Nov 15

Section: Apple News, Rumors

ipod clickthrough adThe New York Times is reporting that Apple has filed a patent for a new advertising technology that will make commercials impossible to ignore by freezing the user’s device and forcing them to interact with the ad (by clicking or answering a question) before the device (both video and music) will continue operation. The patent was filed last year and was made public last month.

Its distinctive feature is a design that doesn’t simply invite a user to pay attention to an ad—it also compels attention. The technology can freeze the device until the user clicks a button or answers a test question to demonstrate that he or she has dutifully noticed the commercial message. Because this technology would be embedded in the innermost core of the device, the ads could appear on the screen at any time, no matter what one is doing.

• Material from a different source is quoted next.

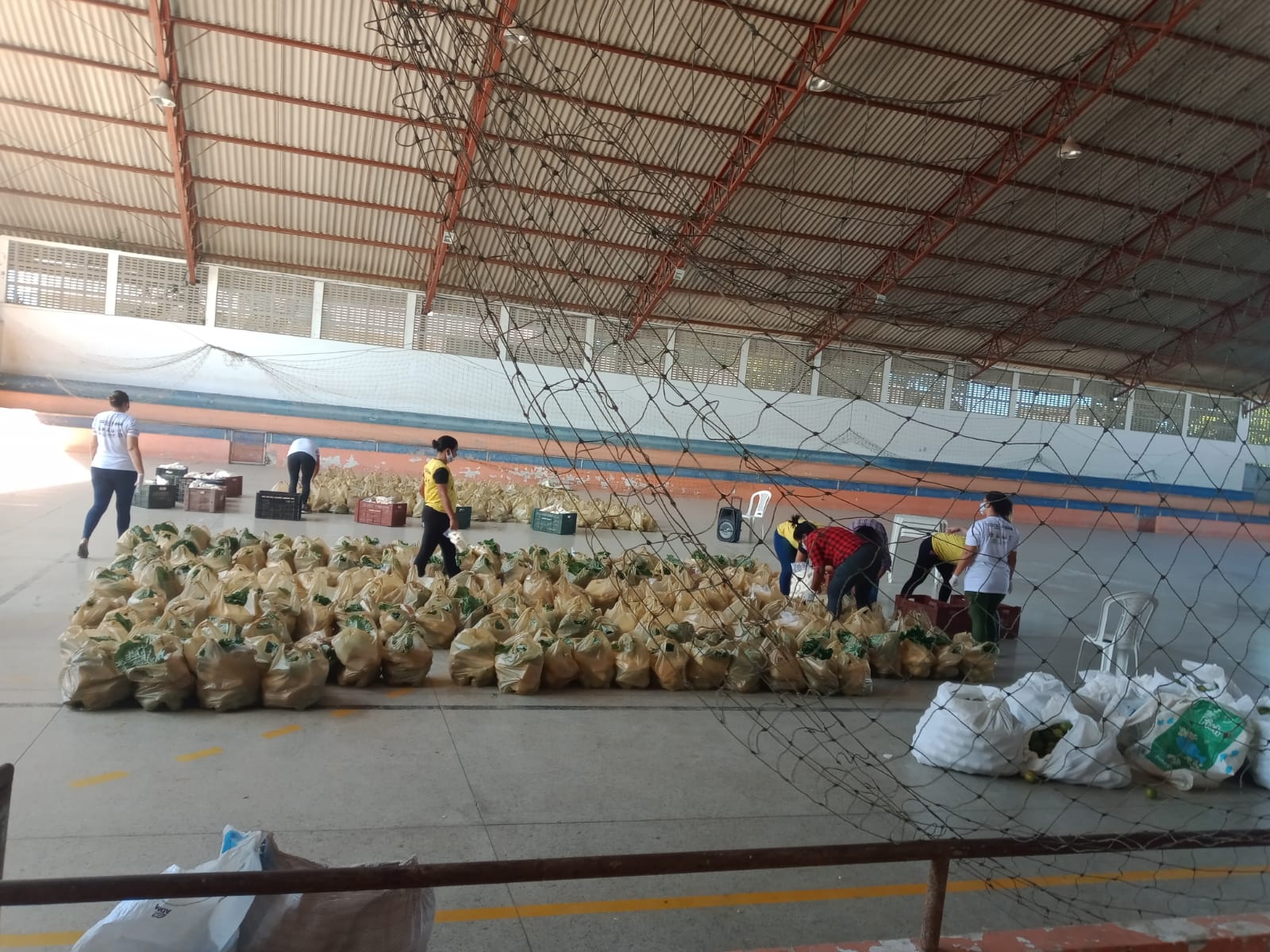 Agricultores de Arauá recebem apoio da Emdagro na comercialização da produção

Hands up: who thinks this is a bad idea? It’s especially shocking—not just because everyone hates ads, and most new media technology (heck, going all the way back to the video cassette recorder) is based around avoiding commercials—but because Apple has always pushed the idea of people paying to own media (and high-profit devices), rather than subsidizing it through ads or subscriptions.

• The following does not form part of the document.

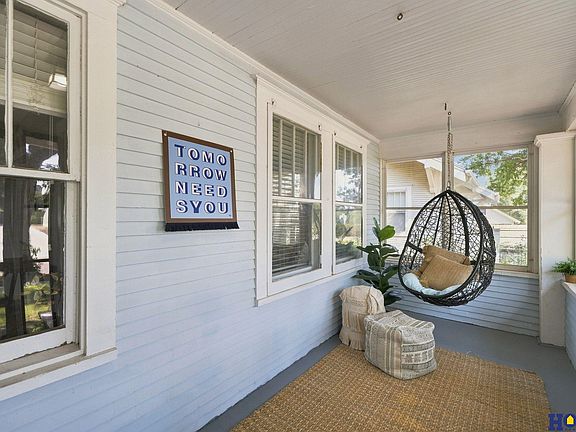5th image of 3026 Sewell St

But do they have another plan in mind? Fake Steve seems to think so:

But see, that’s the point. We don’t expect anyone will choose the ads. Because, for a very reasonable monthly fee, you’ll be able to eliminate all those ads and get your content free of all nterruptions. How reasonable, you say? Well, let’s say that for $30 a month you could watch all the TV you wanted. Let’s say that we can get all the TV networks, or most of them anyway, on board for this. Let’s say that we give you not just this week’s shows but an enormous archive, one that ultimately includes every TV show ever made. Tear out the cable box, stop paying those assholes $100 or $200 a month, and go with us instead.

Thus Apple now becomes the cable company. And the cable company dies.

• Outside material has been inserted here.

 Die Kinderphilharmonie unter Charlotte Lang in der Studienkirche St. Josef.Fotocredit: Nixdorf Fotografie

I had to admit, it makes as much sense as anything. I’d love to have an a la carte video system rather than paying Comcast for 100 channels when I don’t watch 80 of them.

So what do you think; is this another operation like the original iTunes store where the record companies got involved because they thought that they had nothing to lose, only to find that they had inadvertently put Apple in control with no easy way to back out? Are the television, film, and production companies eying easy ways to boost ad revenues, only to figure out too late that Apple doesn’t want to save the old system, but to destroy it?

Read [The New York Times] and [The Secret Diary of Steve Jobs]

Full Story » | Written by Bill Stiteler for Appletell. | Comment on this Article »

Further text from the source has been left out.